A defensive shot is pure foolishness in baseball, it’s booed and jeered in kilikiti but it has merit in cricket. Even the most attacking players have a balance between attack and defence. But pure defence is only occasionally called for. Different game states call for different mindsets from the batsmen. But not just the batsmen. The bowlers and captains also have to make decisions about how attacking/defensively they play.
A out-swing bowler is most likely to get wickets if they bowl half volleys. The only problem with this is that they are also likely to get hit for four if they do that. There are times when they are prepared to roll the dice and try, but it’s risky. So they weigh risk and reward, and tend to only bowl half volleys occasionally (or at least they intend not to bowl them). Likewise a spin bowler is more likely to take wickets with a slow, flighted delivery, that's full enough to bring a batsman forward, but short enough to turn. However if he bowls that ball too often the batsman is likely to step out of his crease and deposit him over the straight boundary. Accordingly the spin bowler mixes up their flight, pace and line (and sometimes spin direction) to keep the batsman tied down.
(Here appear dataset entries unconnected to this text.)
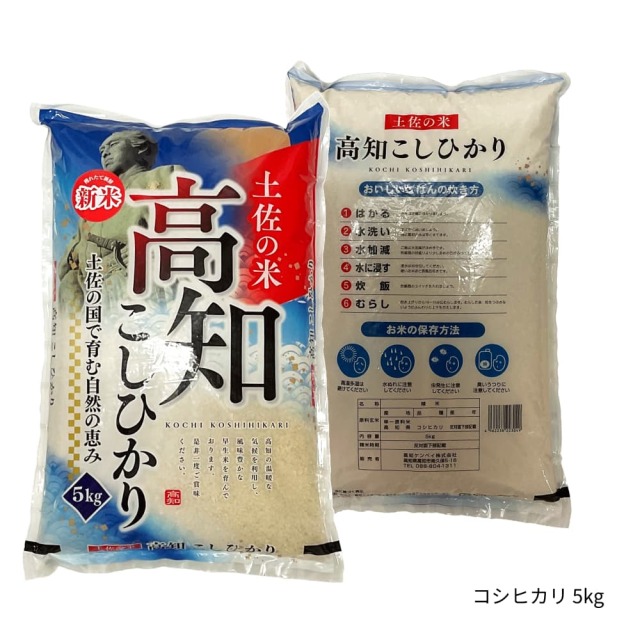高知県産コシヒカリ　5kg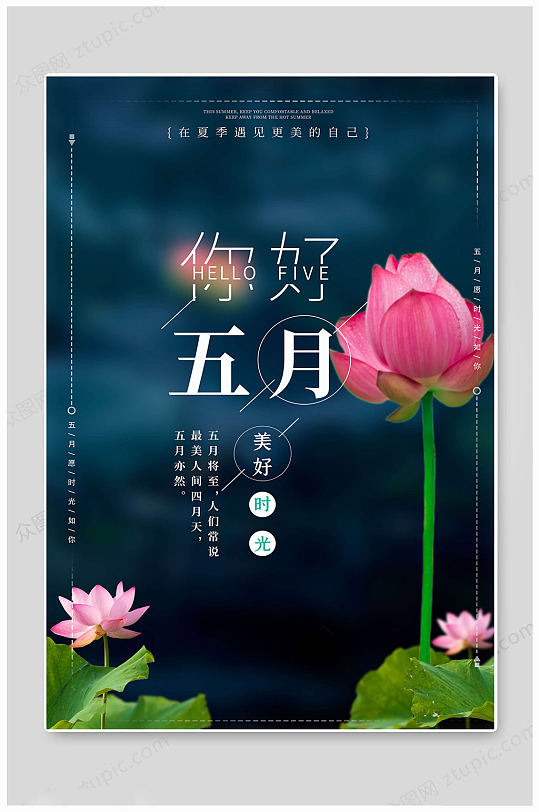 5月你好大气图片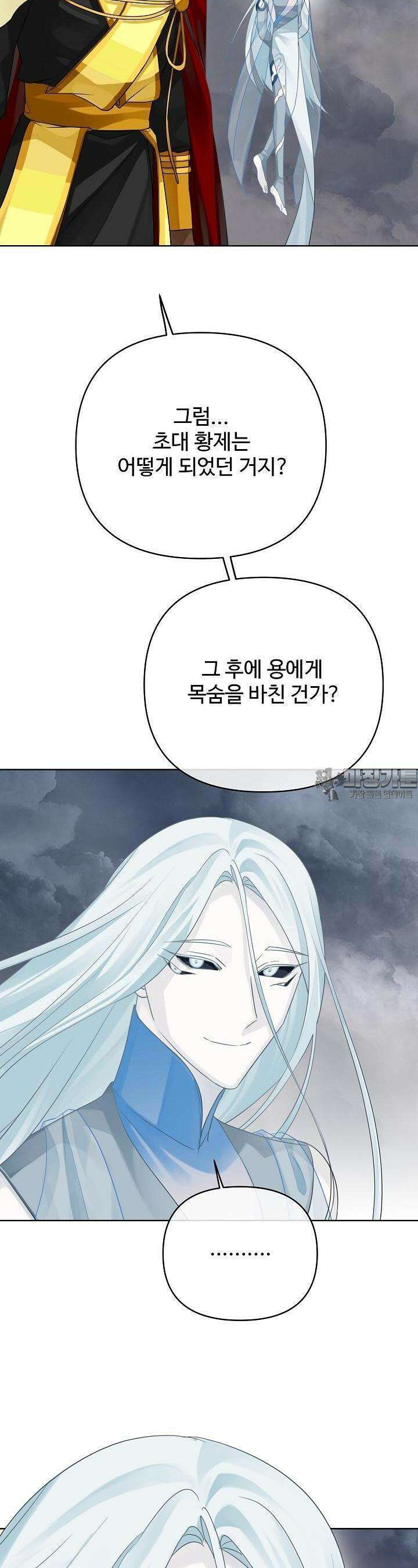 킹스메이커 ~Triple Crown~  3부 47화 23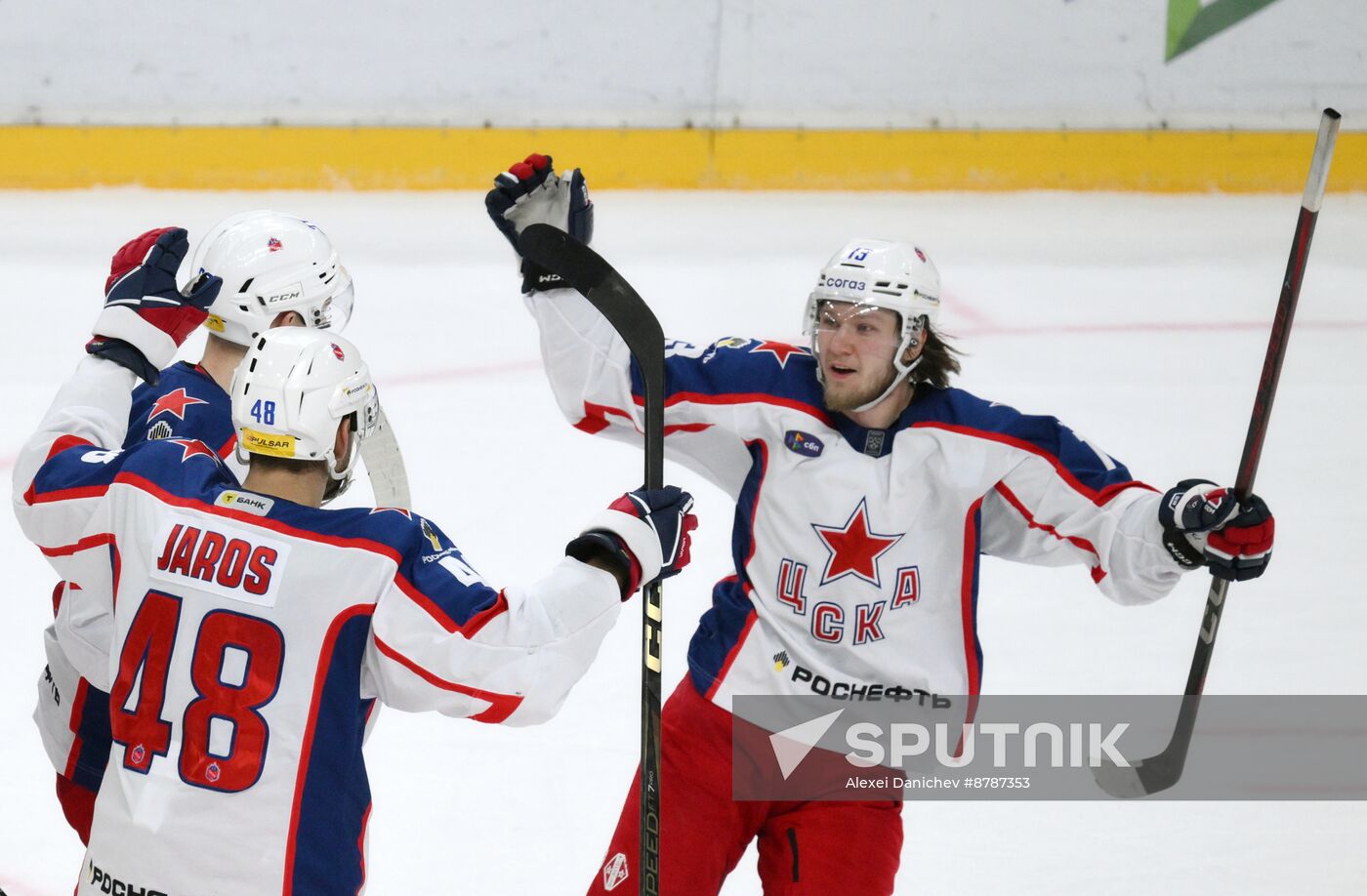 Russia Ice Hockey Kontinental League SKA - CSKA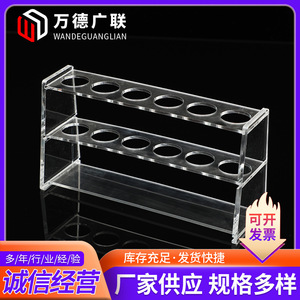 ชั้นวางหลอดทดลองอะคริลิค Wande Guanglian แบบ 12 ช่อง แถวเดียว สำหรับหลอดคัลเลอริเมทริก ใช้ในห้องปฏิบัติการ - Product Image 2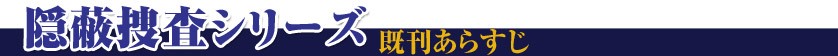 隠蔽捜査シリーズ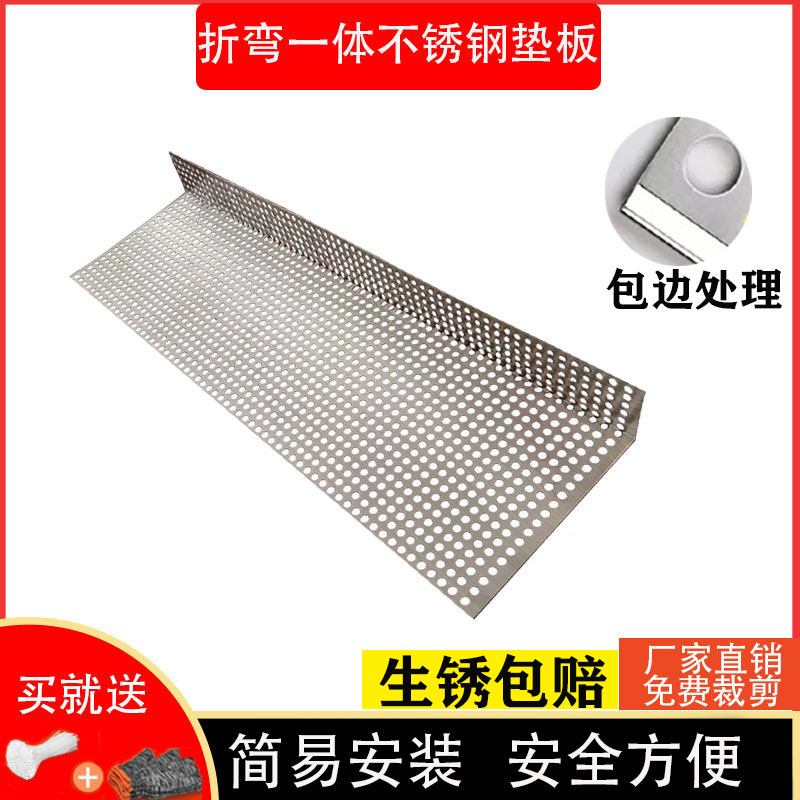 Theft protection window liner plate custom anti-fall anti-fall window sill stainless steel punching plate guard rail screen screen anti-leaking balcony protective net-Taobao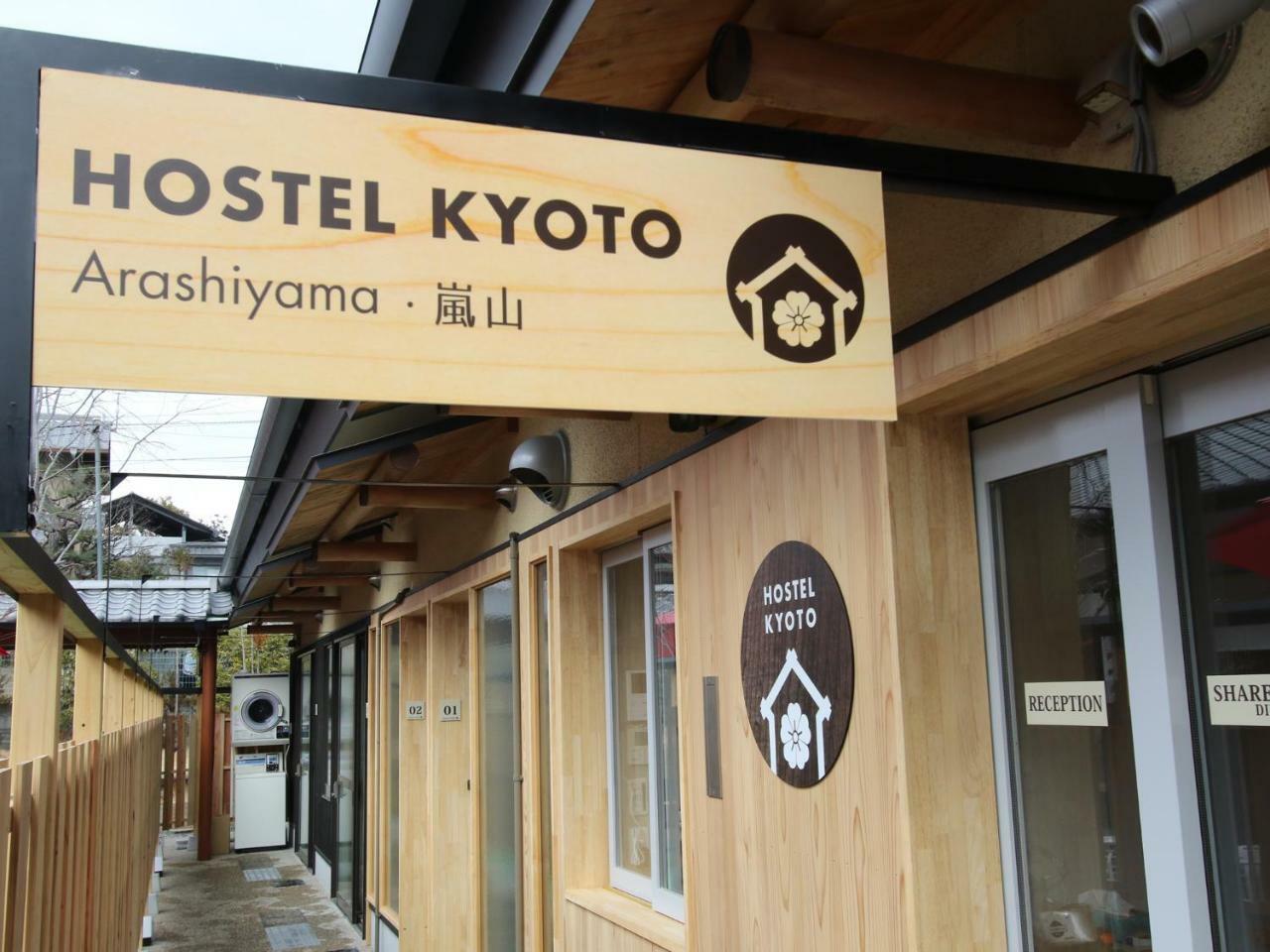 Hostel Kyoto Arashiyama Muko Exteriör bild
A captain has a lot of options when it comes to setting a field, even within the ODI rules about field placement. There are 16 main zones where a batsman scores runs, and 9 fielders. Accordingly the art to setting a defensive field is often damage limitation. However a good captain and bowler will work together to make sure the easiest runs have an element of danger to them. For example, a captain will set a deep point to an off-spinner, and leave a gap for a batsman to score a single there. However to do that requires hitting against the spin, and if the ball bounces a little more, or turns a little more, there’s a chance that playing the ball out to that man will result in an edge.
Likewise a popular tactic is for a left arm spinner to come round the wicket and bowl on leg stump, with a field set in close on the off side, and (other than one player) deep on the leg side. A batsman can score a single off most deliveries without much risk, but to try and score more is a significant risk. And if he misjudges slightly he is at risk of creating a run out, where the man at (normally) shortish mid-wicket can field the ball and throw down the stumps. That has become a position for some of the best fielders in world cricket. Previously the likes of Ponting, Rhodes and Harris fielded at backward point, now Guptill, Gibbs and Warner can often be seen in at shortish mid-wicket.
This balance, and battle of wits between batsman and fielders is most on display during the middle overs of an ODI. There are what Gary Naylor of 99.94 and testmatchsofa brilliantly described as “agreed singles” where both teams are happy with a single off a delivery, and these can be frustrating, but not if you watch what the bowler is trying to do. A bowler like Andrew Symonds or Chris Harris would often leave mid off back, apparently gifting the batsman an easy single, but then they would back themselves to save any ball hit there. When watching this period I ask myself what the plan is to try and get a wicket without taking a risk. What is the shot that the captain is letting the batsman have, and what’s the risk for him in that? These are the questions that make the middle overs enjoyable.
Sure there are less fours, sixes and wickets. However there is still the battle of wits. I’m not sure what the attraction is in watching big hit after big hit. I prefer the balance between the mental and physical battle that only cricket really provides. And, for me, there’s nowhere better for that than the “boring middle overs.”